Driv­ing like this will, of course, suck down those stored elec­trons. Audi claims a range of ‘over 400km’ on the WLTP cy­cle, but good luck achiev­ing it. We saw our ini­tial pre­dicted range of 383km at full charge plunge to 230km af­ter only 70km of fairly spir­ited driv­ing, with claimed con­sump­tion av­er­ag­ing 28.5kw/100km. A more likely real-world range on a full charge will prob­a­bly be in 310-340km zone. Will this be enough for most own­ers? Given that’s around three hours’ high­way driv­ing, the like­li­hood is that your blad­der and your kids will de­mand a break be­fore you’d prob­a­bly drive much fur­ther any­way.

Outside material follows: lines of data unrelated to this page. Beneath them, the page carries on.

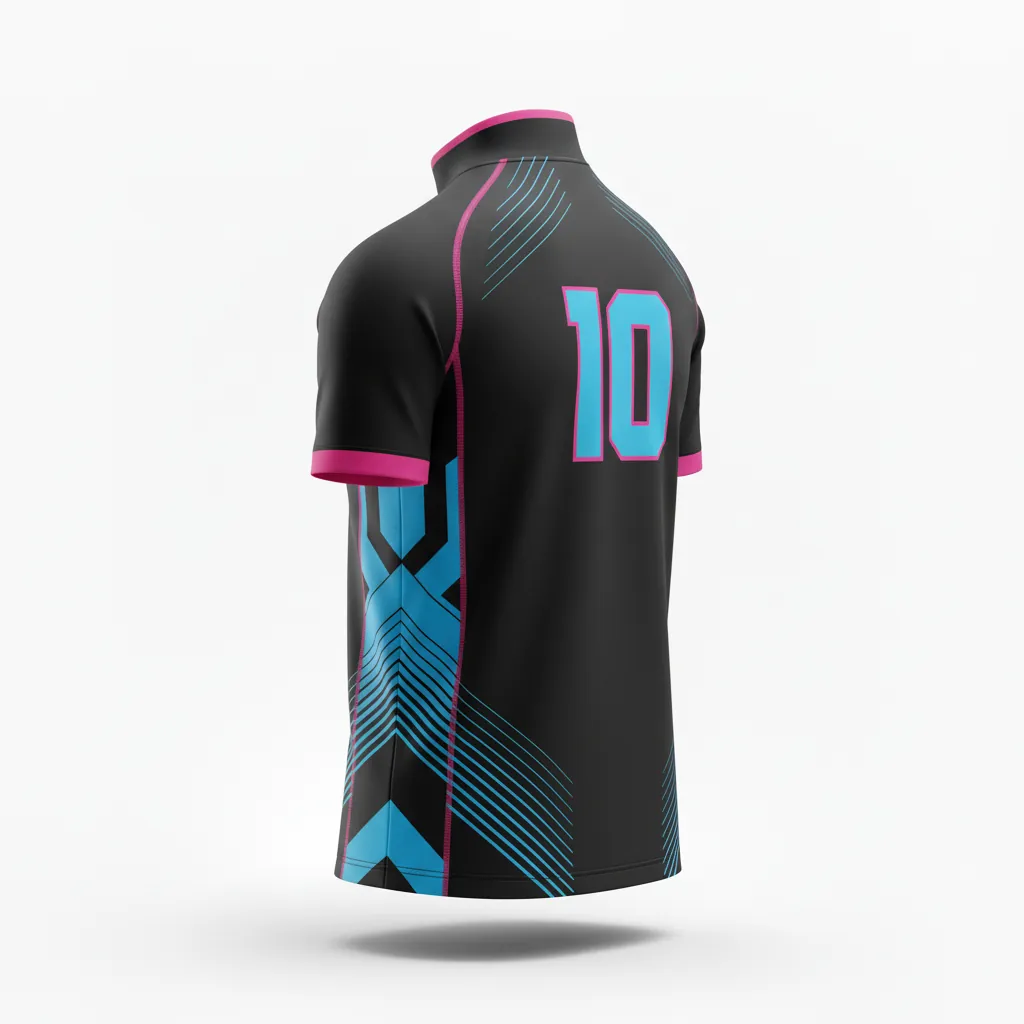 Custom Esports Quarter Zipper Esports Jersey - Blue, Pink - All Blacks Electric Hot - Back View - Kinexa Sportswear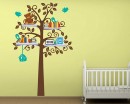 Tall Tree with Birds Leaves Shelf Tree Vinyl Decals Nursery Stickers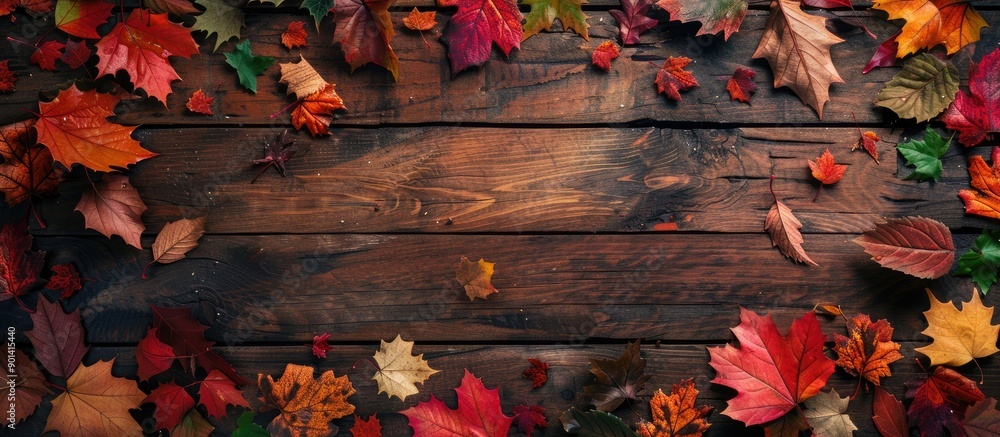 Poster Top down view of a wooden table adorned with autumn leaves in red orange green brown and yellow hues creating a fall themed backdrop with room for a copy space image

As for dy­nam­ics? First im­pres­sions are that the E-tron’s ex­tra weight com­pared with the I-pace feels ev­i­dent in cor­ners and the Audi doesn’t quite match the Jag’s gen­eral ath­leti­cism. Driv­ing the E-tron hard on the amaz­ing Jebel Hafeet moun­tain road on the out­skirts of Al Ain in the UAE – a glassy three-lane rib­bon of bi­tu­men which climbs to an el­e­va­tion of over 1200m in just un­der 12km – was mem­o­rable, but also an ex­er­cise in man­ag­ing weight trans­fer and al­low­ing a gen­er­ous mar­gin in the brak­ing ar­eas. The steer­ing is quick and pre­cise but over-as­sisted at low speed, and not ex­actly or­ganic in terms of feel. Also, de­spite the torque split, the E-tron never feels rear-driven. In­stead, it gets the elec­tric grunt down with al­most clin­i­cal all-fours ef­fi­ciency, and the low cen­tre of grav­ity helps give it a mostly neu­tral stance un­til you re­ally start muscling the nose in tighter turns.

But more rel­e­vant to most own­ers will be the E-tron’s ex­cep­tional cruis­ing abil­ity. Wind noise is bril­liantly sup­pressed, and the car is happy to coast on a light throt­tle, the re-gen sys­tem able to be set via wheel pad­dles to be quite sub­tle on down­hill gra­di­ents, de­spite its ef­fi­ciency in cap­tur­ing ki­netic en­ergy.

It all makes for ut­terly tran­quil road-trip­ping, es­pe­cially com­bined with the E-tron’s fine ride. The com­bi­na­tion of a long wheel­base and stan­dard-fit­ment height-ad­justable air sus­pen­sion means it de­liv­ers real pli­ancy, even on the 21-inch wheels fit­ted to the test cars. There’s also a high-rid­ing off-road mode that al­lows ex­plo­ration of mildly rut­ted or rocky ter­rain, if you’re will­ing to chance the tyres.

So, on bal­ance, E-tron emerges as deeply con­vinc­ing, even if it can’t quite claim to re­set the ex­ist­ing bench­marks set by its fledg­ling EV op­po­si­tion. Now we await the ar­rival of Merc’s EQC, due late 2019, for the real high-noon show­down in EV land.